- Activity -
What you write must be the listing below in full, word for word, minus its pictures.

*** Block opens ***

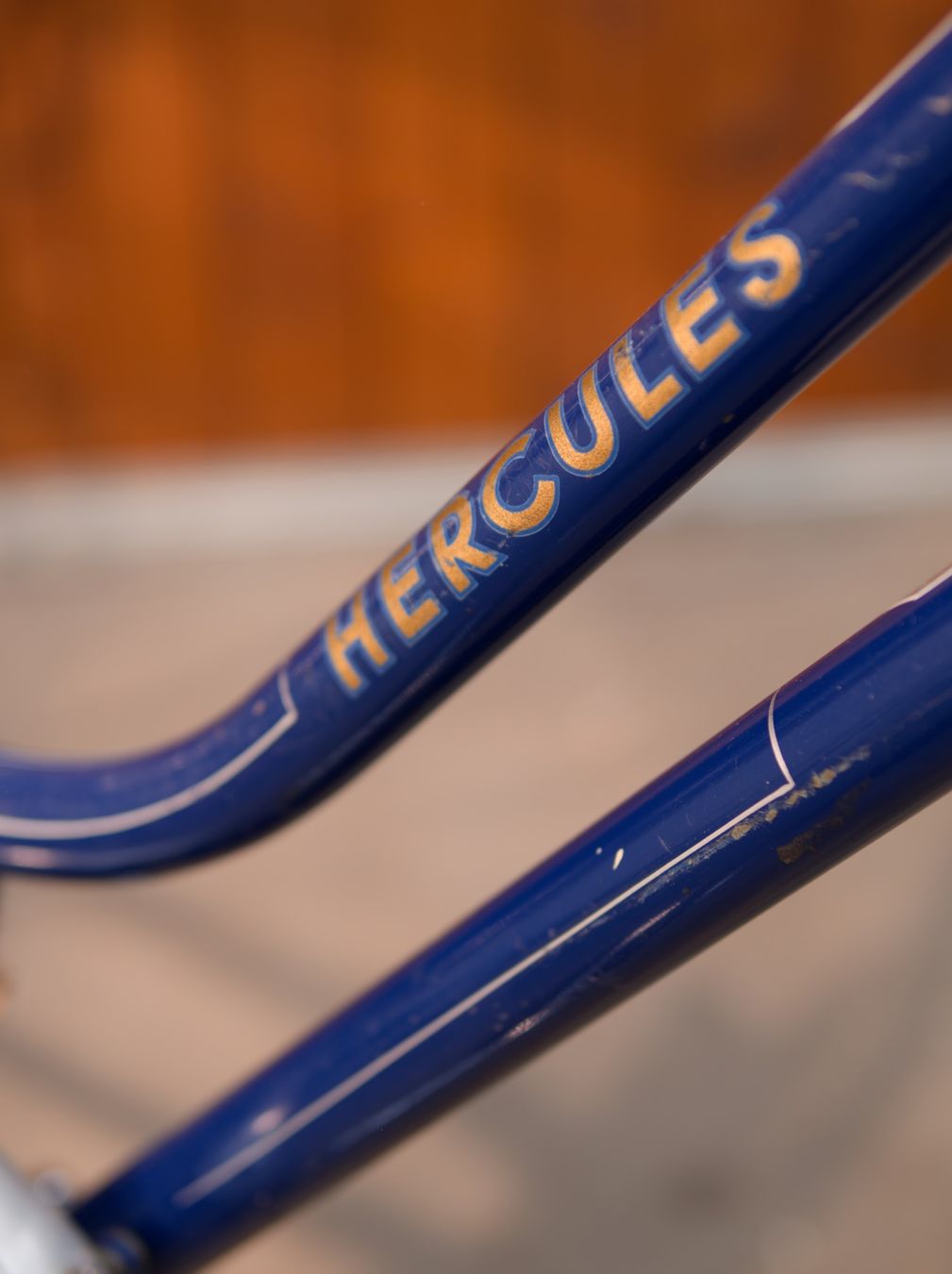 Hercules Velos: Damenvelo Hercules Vintage 53cm – Gebraucht aus Rotkreuz von prof_esser_ 4
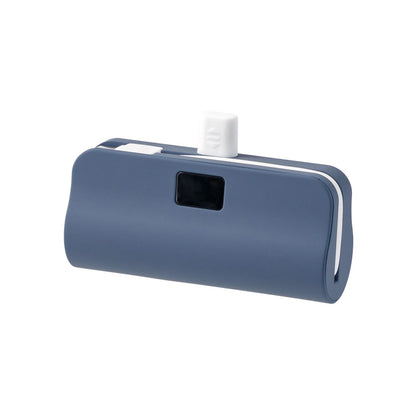 #OSHAMOBA mini PLUS モバイルバッテリー 5000mAh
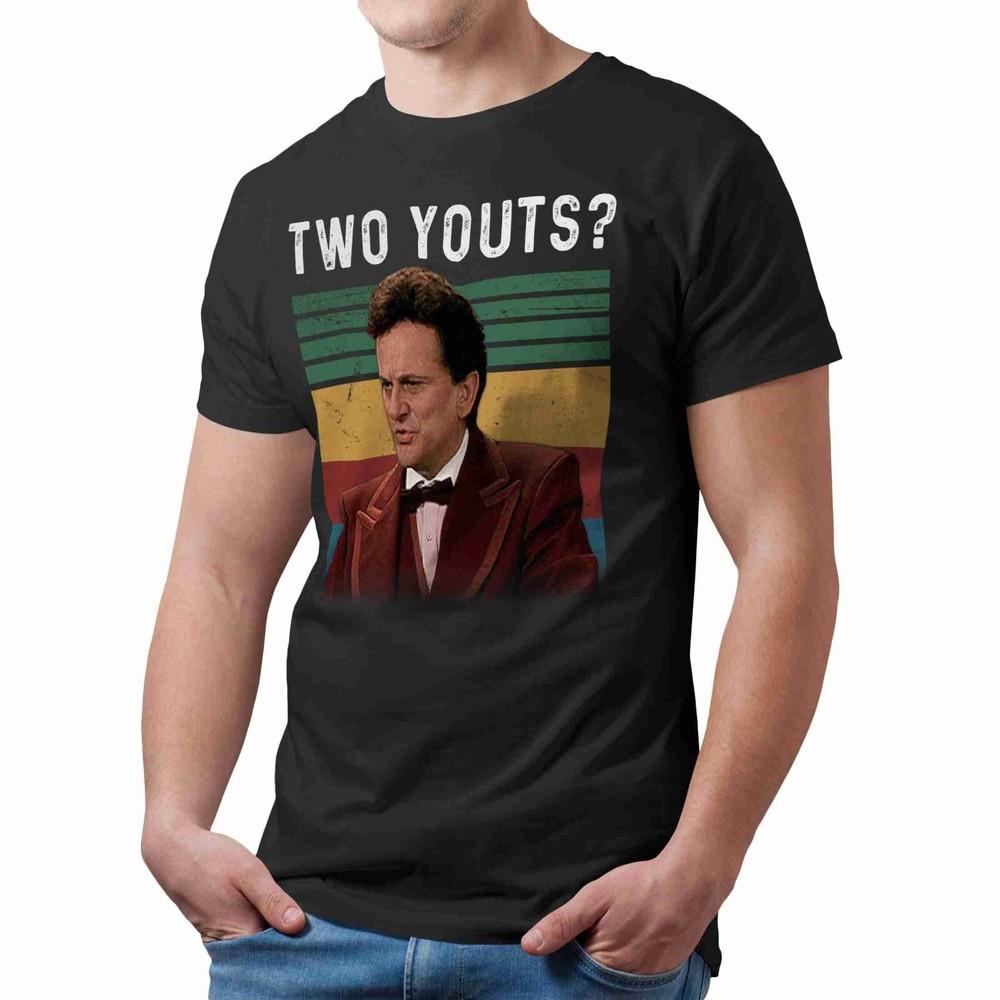 My Cousin Vinny Vinny Gambini Two Youts Square Funny Unisex T-Shirt Unisex T-Shirt S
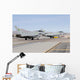 Two Royal Air Force Right Wall Decal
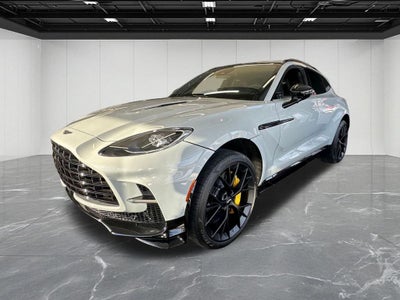 2026 Aston Martin DBX 707
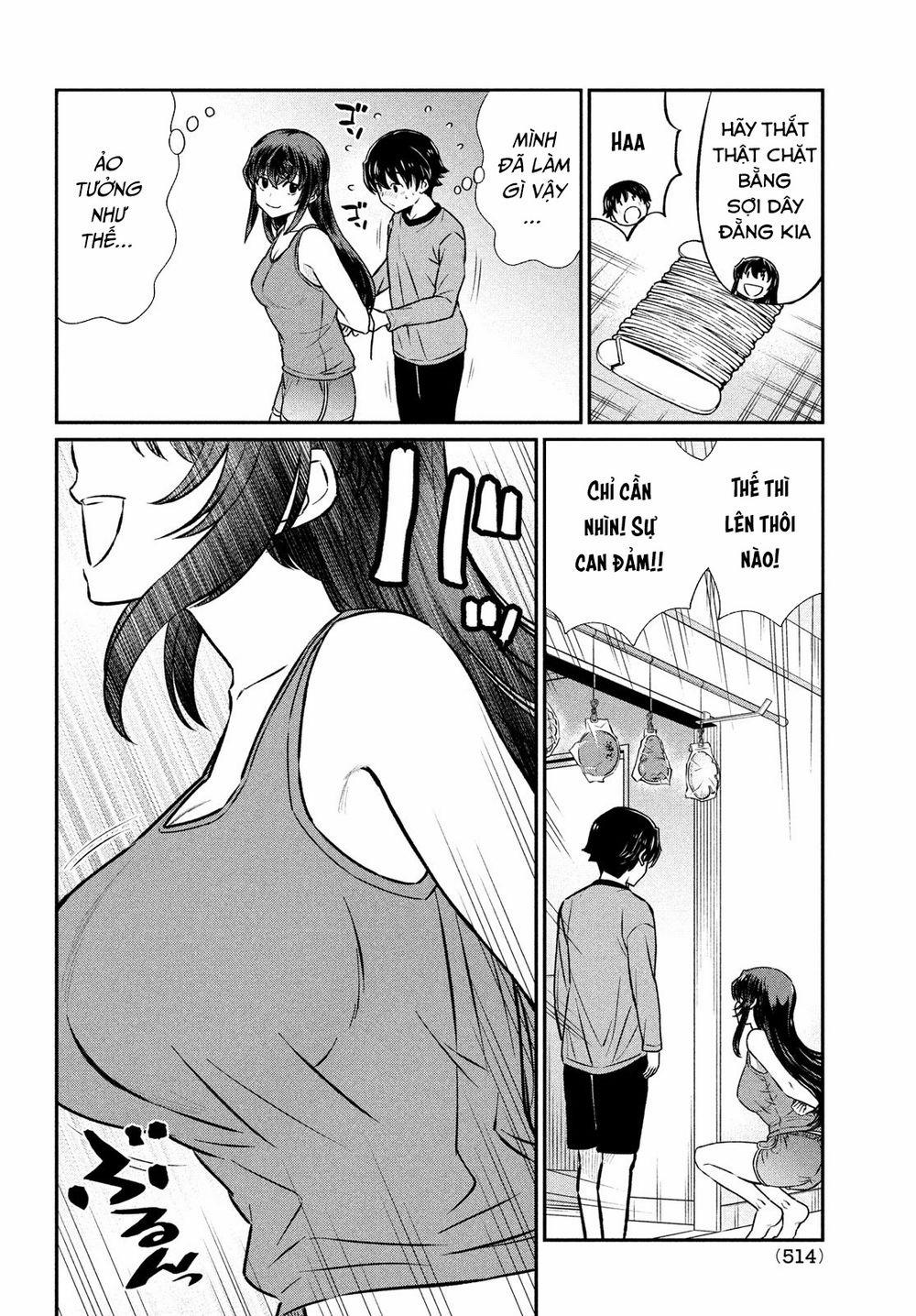 Bà Cô Ác Quỷ Đó Là Chị Tôi Sao? 19 trang 6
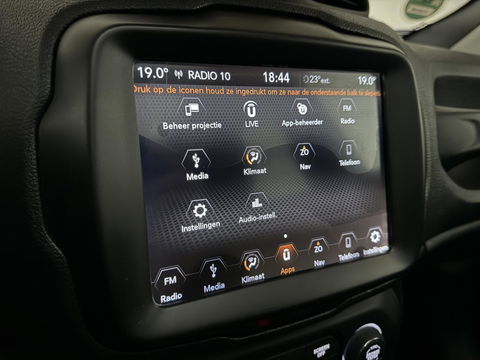 Jeep Renegade 1.4 MultiAir Limited Pano Leer Cruise Navi Trekh. NAP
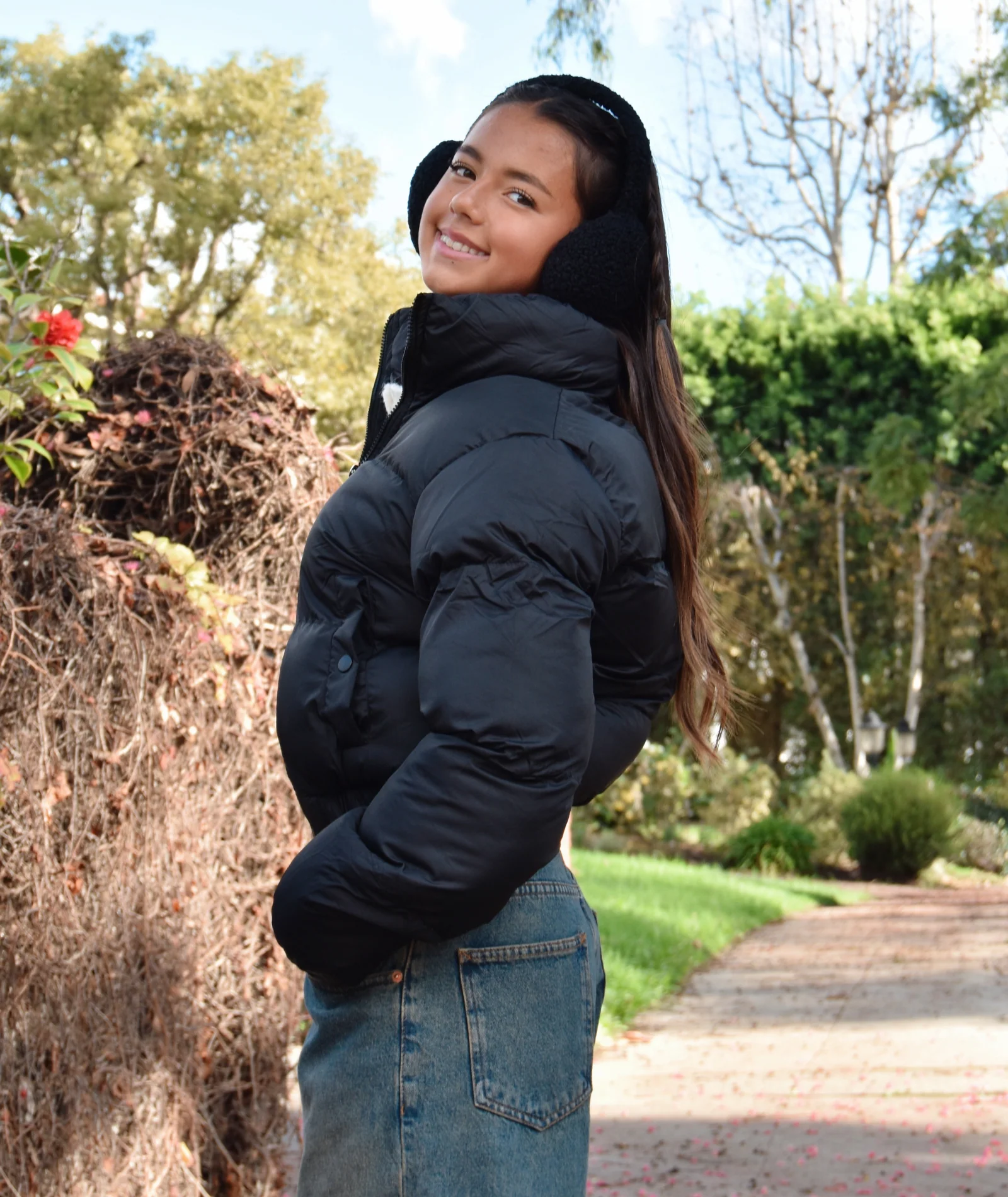 8apart Women Rowan Puffer Jacket - Image 3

*** Block closes ***

- Written response -
 Hercules Velos: Damenvelo Hercules Vintage 53cm – Gebraucht aus Rotkreuz von prof_esser_ 4
 #OSHAMOBA mini PLUS モバイルバッテリー 5000mAh
 My Cousin Vinny Vinny Gambini Two Youts Square Funny Unisex T-Shirt Unisex T-Shirt S
 Two Royal Air Force Right Wall Decal
 2026 Aston Martin DBX 707
 Bà Cô Ác Quỷ Đó Là Chị Tôi Sao? 19 trang 6
 Jeep Renegade 1.4 MultiAir Limited Pano Leer Cruise Navi Trekh. NAP
 8apart Women Rowan Puffer Jacket - Image 3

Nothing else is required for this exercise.